- _Stored items_
"""

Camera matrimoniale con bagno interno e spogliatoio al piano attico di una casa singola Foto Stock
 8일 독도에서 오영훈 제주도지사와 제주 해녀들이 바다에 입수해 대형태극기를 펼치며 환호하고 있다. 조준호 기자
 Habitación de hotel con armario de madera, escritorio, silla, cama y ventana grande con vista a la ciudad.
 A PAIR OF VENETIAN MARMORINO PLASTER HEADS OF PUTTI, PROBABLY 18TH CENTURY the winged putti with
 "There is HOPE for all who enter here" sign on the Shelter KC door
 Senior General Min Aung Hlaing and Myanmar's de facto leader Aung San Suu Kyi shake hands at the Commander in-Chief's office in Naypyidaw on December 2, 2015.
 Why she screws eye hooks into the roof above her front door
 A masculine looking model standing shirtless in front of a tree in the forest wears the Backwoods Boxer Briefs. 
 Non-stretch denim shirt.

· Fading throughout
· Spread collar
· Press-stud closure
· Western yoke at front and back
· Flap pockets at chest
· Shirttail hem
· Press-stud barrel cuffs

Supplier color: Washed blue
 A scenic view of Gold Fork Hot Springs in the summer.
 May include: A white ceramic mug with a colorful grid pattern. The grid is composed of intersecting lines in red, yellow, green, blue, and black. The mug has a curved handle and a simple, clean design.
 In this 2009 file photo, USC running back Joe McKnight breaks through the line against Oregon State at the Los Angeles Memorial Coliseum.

"""

- _REQUIRED WORK_
Starting at the line above that contains "8일 독도에서 오영훈", repeat each line exactly up to and including the line that contains "Senior General Min", and stop there.

- _REPLY TO THE EXERCISE_
 8일 독도에서 오영훈 제주도지사와 제주 해녀들이 바다에 입수해 대형태극기를 펼치며 환호하고 있다. 조준호 기자
 Habitación de hotel con armario de madera, escritorio, silla, cama y ventana grande con vista a la ciudad.
 A PAIR OF VENETIAN MARMORINO PLASTER HEADS OF PUTTI, PROBABLY 18TH CENTURY the winged putti with
 "There is HOPE for all who enter here" sign on the Shelter KC door
 Senior General Min Aung Hlaing and Myanmar's de facto leader Aung San Suu Kyi shake hands at the Commander in-Chief's office in Naypyidaw on December 2, 2015.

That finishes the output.